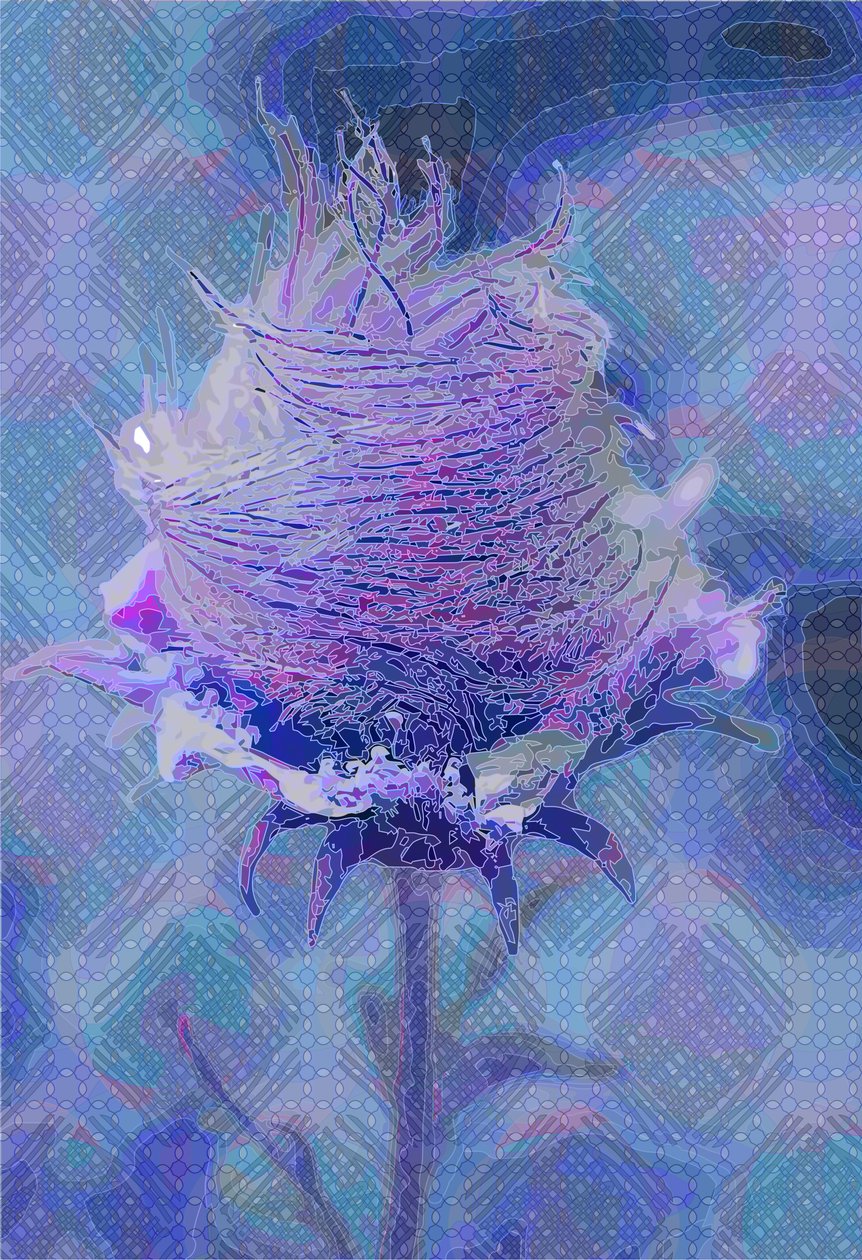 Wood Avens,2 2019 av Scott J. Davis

++++++++

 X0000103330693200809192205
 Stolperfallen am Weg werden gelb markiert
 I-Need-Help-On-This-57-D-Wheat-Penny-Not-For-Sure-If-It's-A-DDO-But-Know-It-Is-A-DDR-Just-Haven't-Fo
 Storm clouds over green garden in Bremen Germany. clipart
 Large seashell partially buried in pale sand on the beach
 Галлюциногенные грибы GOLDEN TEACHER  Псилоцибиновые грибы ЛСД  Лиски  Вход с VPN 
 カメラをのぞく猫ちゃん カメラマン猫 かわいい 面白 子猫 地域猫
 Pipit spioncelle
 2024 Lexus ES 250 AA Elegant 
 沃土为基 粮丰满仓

++++++++

WHAT IS EXPECTED ::
Repeat, word for word, the lines above between the line holding "X0000103330693200809192205" and the line holding "Large seashell partially", inclusive; omit everything else.

RESULT OF THIS TASK ::
 X0000103330693200809192205
 Stolperfallen am Weg werden gelb markiert
 I-Need-Help-On-This-57-D-Wheat-Penny-Not-For-Sure-If-It's-A-DDO-But-Know-It-Is-A-DDR-Just-Haven't-Fo
 Storm clouds over green garden in Bremen Germany. clipart
 Large seashell partially buried in pale sand on the beach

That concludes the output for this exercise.